(Edit: I added text between "...was really about reductions." and "To use the mental move of robustness...", because comments showed me I hadn't made my meaning clear enough.)
This work was done while at Conjecture.
In Robustness To Scale, Scott Garrabrant presents three kinds of... well, robustness to scale:
- Robustness to scaling up, meaning that a solution to alignment keeps working as the AI gets better.
- Robustness to scaling down, meaning that a solution to alignment keeps working if the AI is not optimal or perfect.
- Robustness to relative scale, meaning that the solution to alignment doesn't rely on symmetrical capabilities between different subsystems.
And the thing is, until quite recently, I didn't get the value of robustness to scaling down. Scaling up was obviously important, and relative scale, while less intuitive, still made sense. But robustness to scaling down felt like a criticism for people with solutions that worked in the limit, when no one had anything close to that.
Then I realized robustness to scaling down was really about reductions.
I need to expand a little bit here. So in Scott's original post, his example for lack of robustness to scaling down is the alignment strategy of making the AI find the preferences of values and humans, and then pursuing that. The problem being that if the AI is not doing that perfectly or almost perfectly, problems might crop up.
This is thus an argument that the reduction of alignment to "point AIs to human values" is not so straightforward, because it requires a nearly exact implementation and is not tolerant to partial solutions.
An important thing to note here is that the AI and the alignment scheme are inextricably linked in this example, because it's the AI itself that does the brunt of the work in the alignment scheme. Which leads to Scott's framing of robustness to scaling down in terms of scaling down the AI's capabilities. And it fits nicely with the more obvious robustness to scaling up.
Yet I have found out that framing it instead in terms of scaling down the alignment scheme is more productive, as it can be applied to cases where the AI isn't the one running the alignment scheme.
With this new reframing, to use the mental move of robustness to scaling down, you don't need to be in front of a solution that works in the limit; you only need to see an argument that something is enough if it's done perfectly. Then robustness to scaling down directs your epistemological vigilance by questioning the reduction if the subproblem or approach is done less than perfectly.
For example: interpretability. Some researchers have argued that alignment just reduces to interpretability. After all, if we have full interpretability, or almost full interpretability, we can see and understand everything that the AI thinks and will do — thus catching every problem before it manifests.

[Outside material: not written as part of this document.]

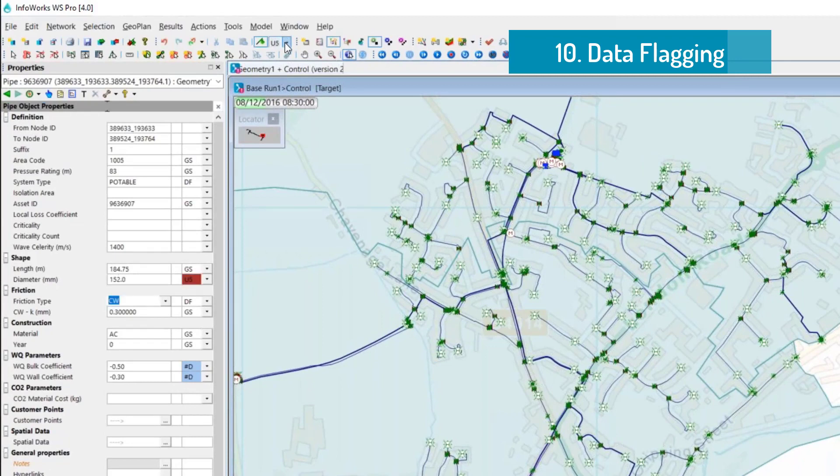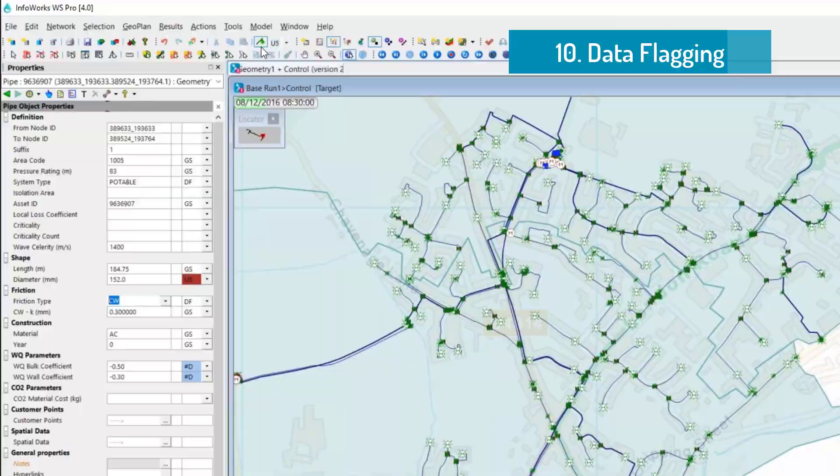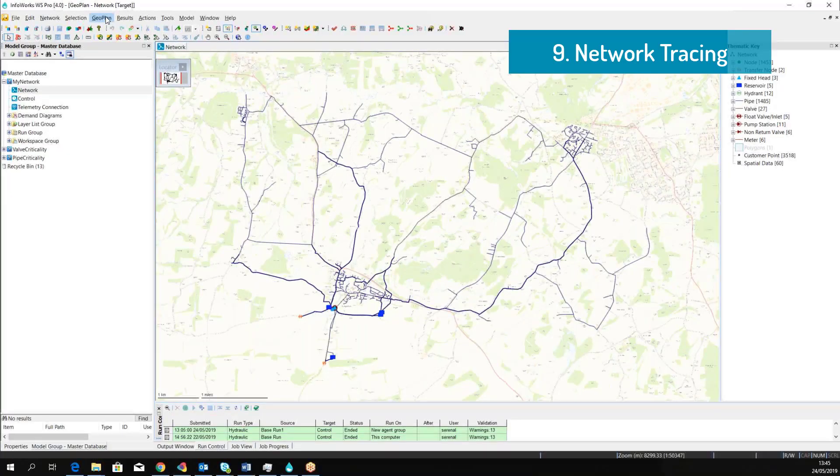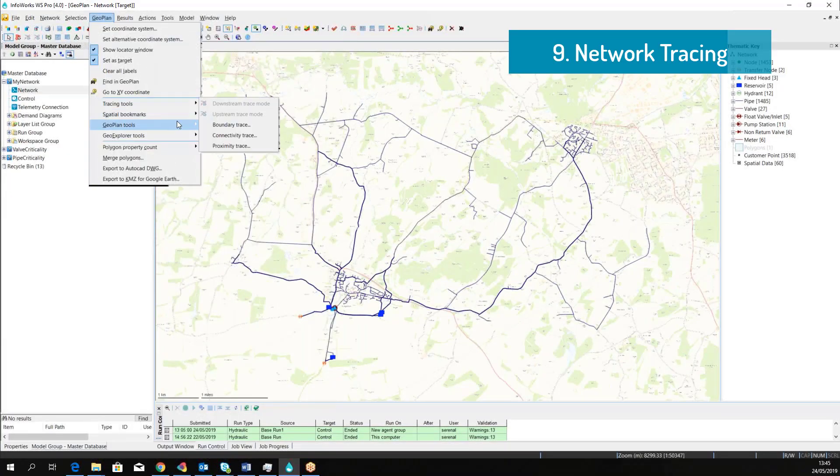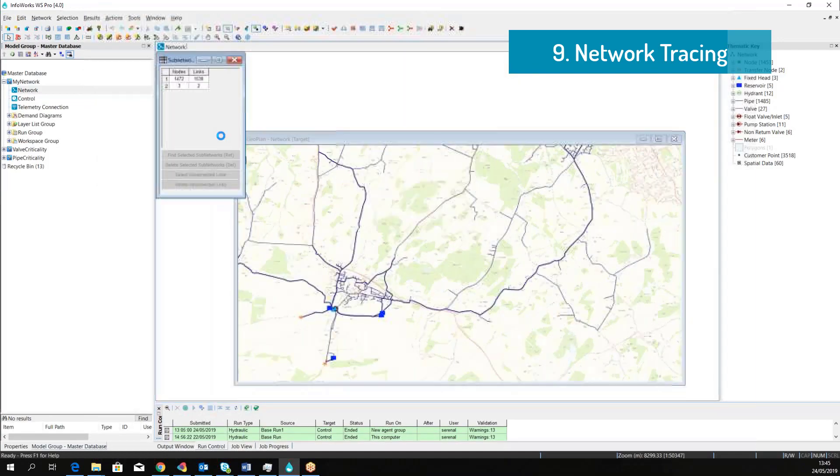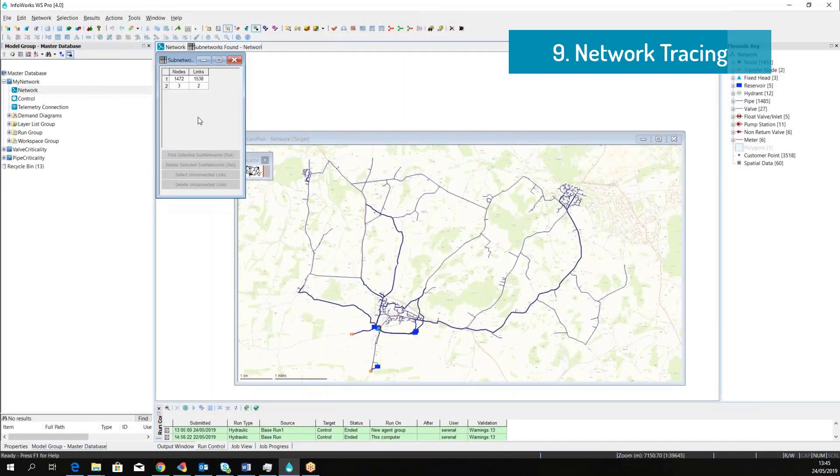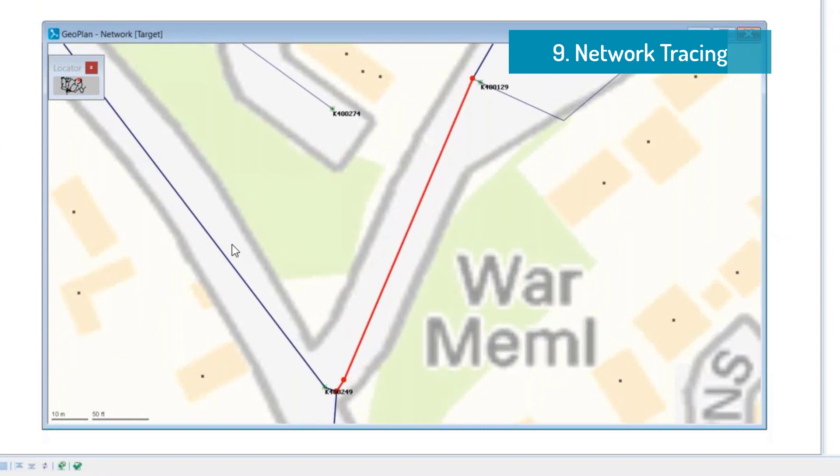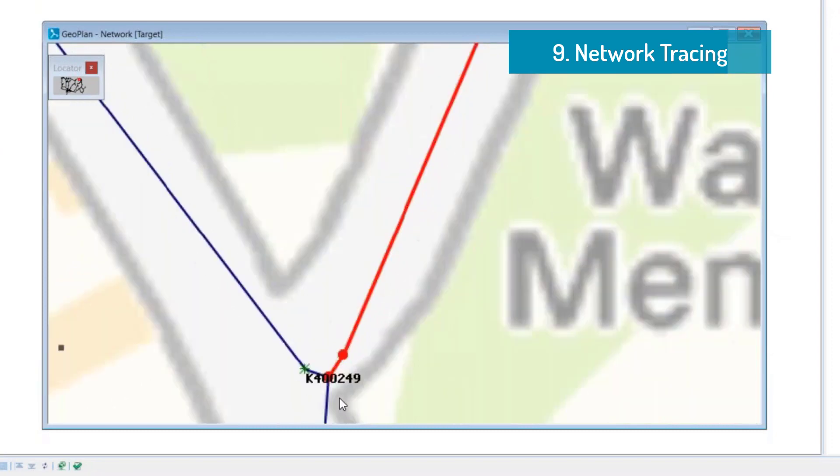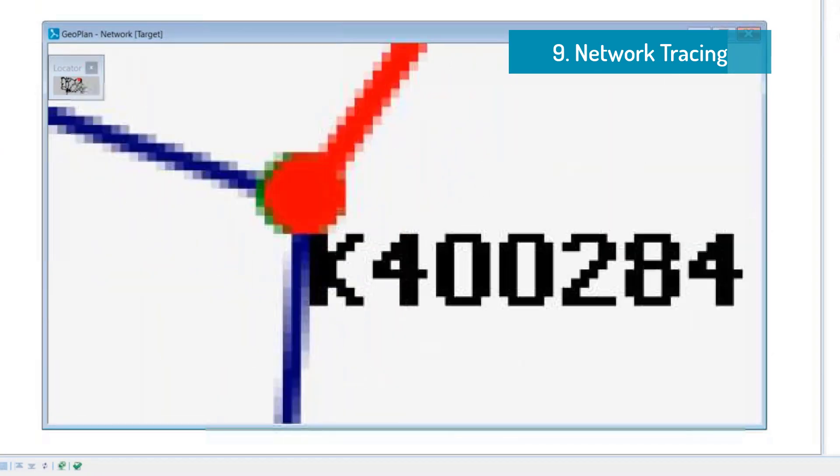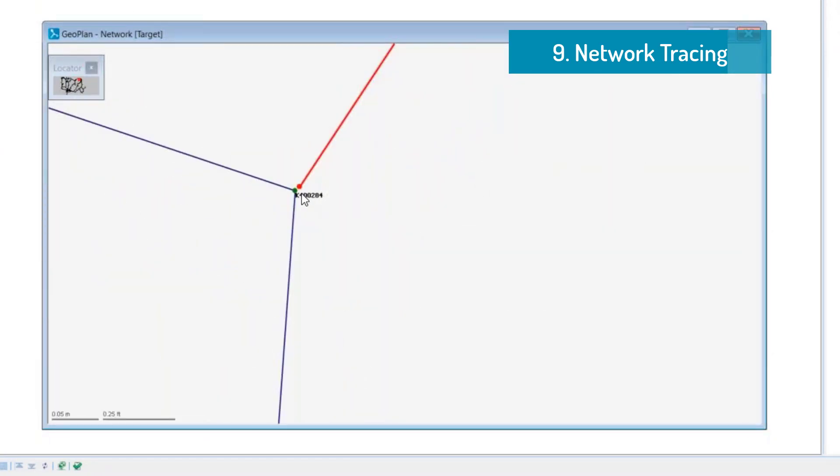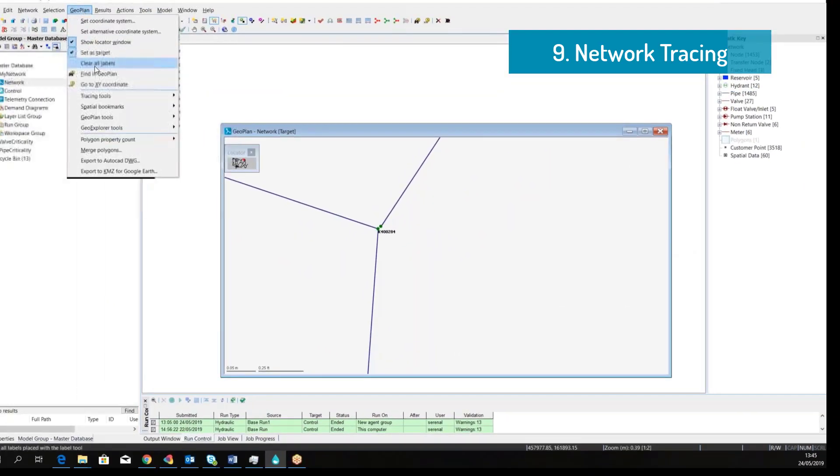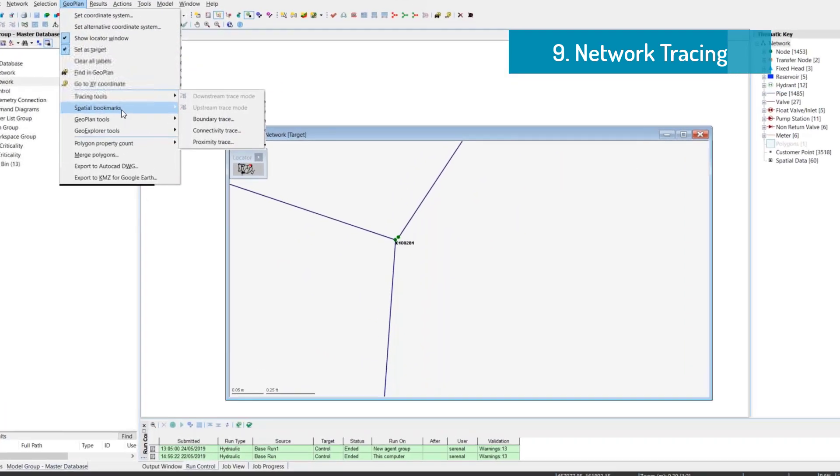Often the data that we import needs a bit of tidy up before it can be used for simulation. As a result, we can use tracing tools to highlight disconnected parts of the network. This pipe, for example, if we zoom in, we have two nodes in close proximity, and this is quite common when we import information from external asset registry.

We could even hardcode some supervisor that runs constantly and automates the problem-catching process.
Traditionally, the response from conceptual researchers has been that interpretability is impossible, or will take too long, or misses some fundamental essence of the problem. Yet even if we allow the reduction, it fails the robustness to scaling down test. Because this reduction requires solving interpretability completely, or almost completely. If our interpretability is merely good or great, but doesn't capture everything relevant to alignment, the argument behind the reduction fails. And getting everything right is the sort of highly ambitious goal that we should definitely aim for, yet without putting all our bets on it.
Here the application of robustness to scaling down undermines the reduction to interpretability and justifies the need for parallel conceptual alignment work.
Yet this mental move also applies outside of ML/winging it type solutions. An example in the more conceptual realm is the classical reduction of multi-multi alignment (multiple AIs to multiple humans) to single-single alignment. Here too the reduction makes sense: if we fully solve single-single alignment, and we really care about multi-multi alignment, our alignment AGI can do it better than if we did it ourselves.
Once again there are direct lines of criticism, but let's just apply robustness to scaling down: this requires solving a particularly ambitious form of single-single alignment problem. Not "the AI does what I ask without killing me", but full on "the AI learns my CEV and pursues it." And it seems suddenly far more plausible that we will solve the former long before the latter, and will only have the former at hand when we'll need multi-multi alignment.
To summarize, robustness to scaling down is a basic tool of epistemological vigilance that can be tremendously useful when looking at strong reductions of all alignment to one approach or subproblem.
By interpreting interpretability generously enough to include the ability to search efficiently for issues, for example.
Obviously this doesn't argue against the value of interpretability research. It just breaks the reduction argument that interpretability is enough by itself.
Funnily enough, most people I've seen defending this reduction have research agendas that focus far more on the former than the latter, for sensible tractability reasons.